Hello, dear friend, you can consult us at any time if you have any questions, add WeChat: daixieit

COMP9024 22T2

Assignment

Data Structures and Algorithms

Change Log

We may make minor changes to the spec to address/clarify some outstanding issues. These may require minimal changes in your design/code, if at all. Students are strongly encouraged to check the online forum discussion and the change log regularly.

Version 0.1

(2022-07- 11 15:00)

Version 0.2

(2022-07- 14 13:00)

Version 0.3

(2022-07- 14 17:00)

Version 0.4

(2022-07- 14 18:15)

Version 0.5

(2022-07-21 02:15)

Version 0.6

(2022-07-21 04:15)

Version 0.7

(2022-07-21 13:50)

Version 1.0

(2022-07-21 22:00)

Assignment Files Download this zip file.

Initial release.

Assignment Files: added micro-web link/image.

Subset 0: explicitly noted that string.h may be used and memory for list/graph structures should be allocated dynamically. Assessment: added submission and due date details.

Subset 3: in crawler.c code stub replaced fgets and strlen lines with call to scanf.

Subset 1: added sample output for micro-web, nothing to ignore.

Subset 2: added sample output for micro-web, nothing to ignore.

Subset 1: added testing.

Subset 2: added testing.

Subset 3: added sample output for micro-web, nothing to ignore.

Subset 3: added testing.

Subsets 1, 2, 3: added sample output and dryrun test cases with ignore lists.

Unzipping the file will create a directory called 'files' with all the assignment start-up files.

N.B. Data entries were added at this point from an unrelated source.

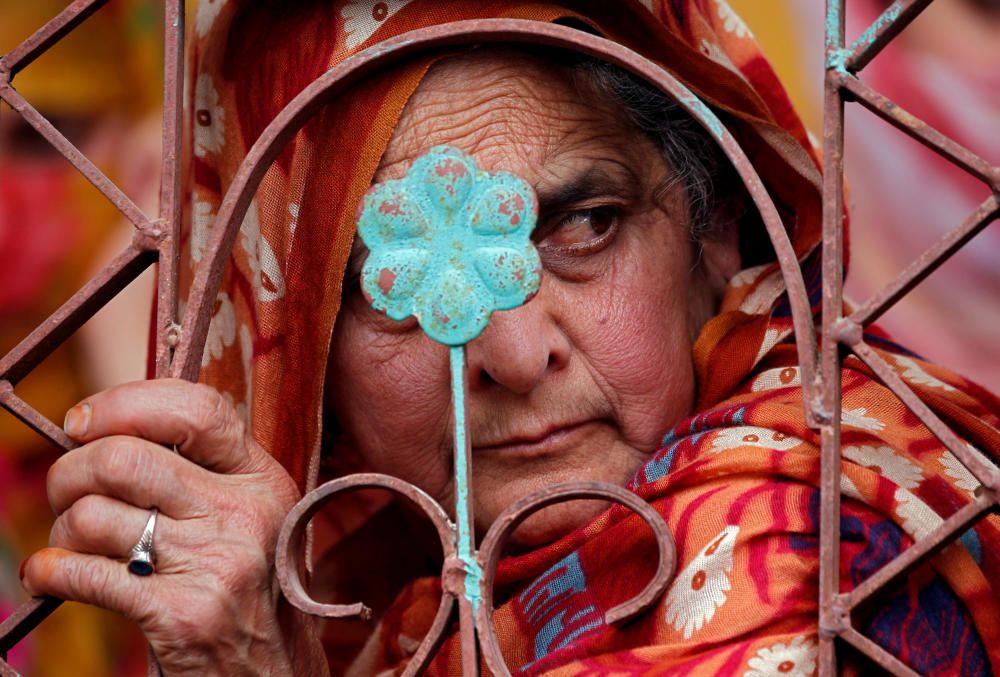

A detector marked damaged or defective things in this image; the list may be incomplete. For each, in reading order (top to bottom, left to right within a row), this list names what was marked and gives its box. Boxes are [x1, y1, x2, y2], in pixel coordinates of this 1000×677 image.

rusty metal bar [0, 0, 108, 78]
rusty metal bar [844, 0, 936, 73]
rusty metal bar [0, 83, 157, 232]
rusty metal bar [153, 0, 185, 378]
rusty metal bar [840, 74, 996, 187]
rusty metal bar [0, 247, 156, 388]
rusty metal bar [816, 2, 848, 672]
rusty metal bar [852, 195, 1000, 328]
rusty metal bar [0, 380, 76, 448]
rusty metal bar [852, 338, 1000, 492]
rusty metal bar [844, 488, 992, 608]
rusty metal bar [840, 624, 916, 676]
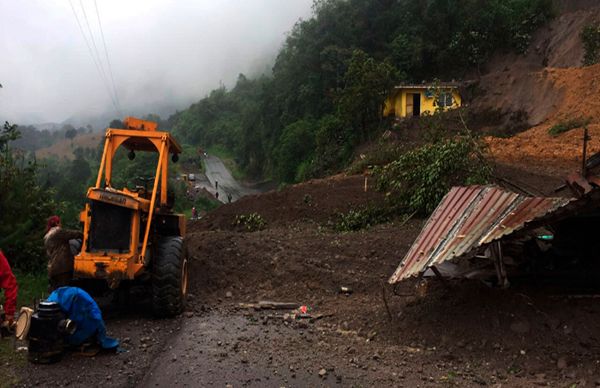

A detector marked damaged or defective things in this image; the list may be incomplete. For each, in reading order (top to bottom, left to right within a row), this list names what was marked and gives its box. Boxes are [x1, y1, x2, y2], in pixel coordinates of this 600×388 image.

damaged shed [392, 185, 600, 284]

You can also make note of the following URLs:

http://www.cse.unsw.edu.au/~cs9024/micro-web

http://www.cse.unsw.edu.au/~cs9024/mini-web

Here is a visual representation of the micro-web:

Once you read the spec, hopefully it will be clear to you what you could use these URLs for! You may also find it useful to construct a similar graph visualisation for the mini-web.

Background

As we have mentioned in lectures, the Internet can be thought of as a graph (a very large graph). Web pages represent vertices and hyperlinks represent directed edges.

With over 1.2 Billion unique websites (as of June 2021) and each website having multiple webpages and each webpage having multiple hyperlinks it can understandably be a very difficult job to remember the URL of every website you want to visit.

In order to make life easier, from the very early days of the internet, there have been search engines that can be used to find websites.

But the job of a search engine is very difficult: First it must index (create a representation of) the entire (or as close to it as possible) internet. Next it must rank the webpages it finds.

In this assignment we will be implementing algorithms to solve each of these problems.

1.  To index the internet we will be creating a web crawling.

2.  To rank webpages we will implement the pagerank algorithm.

3.  To find the shortest path between two pages we will implement dijkstra's algorithm

Subset 0 - Dependencies

Before we can start crawling we need to be able to store our crawled data. As the internet is a Graph, this means we need a Graph ADT. We will also need a Set ADT and one of a Queue ADT or a Stack ADT in order to perform web scraping (for a BFS or DFS).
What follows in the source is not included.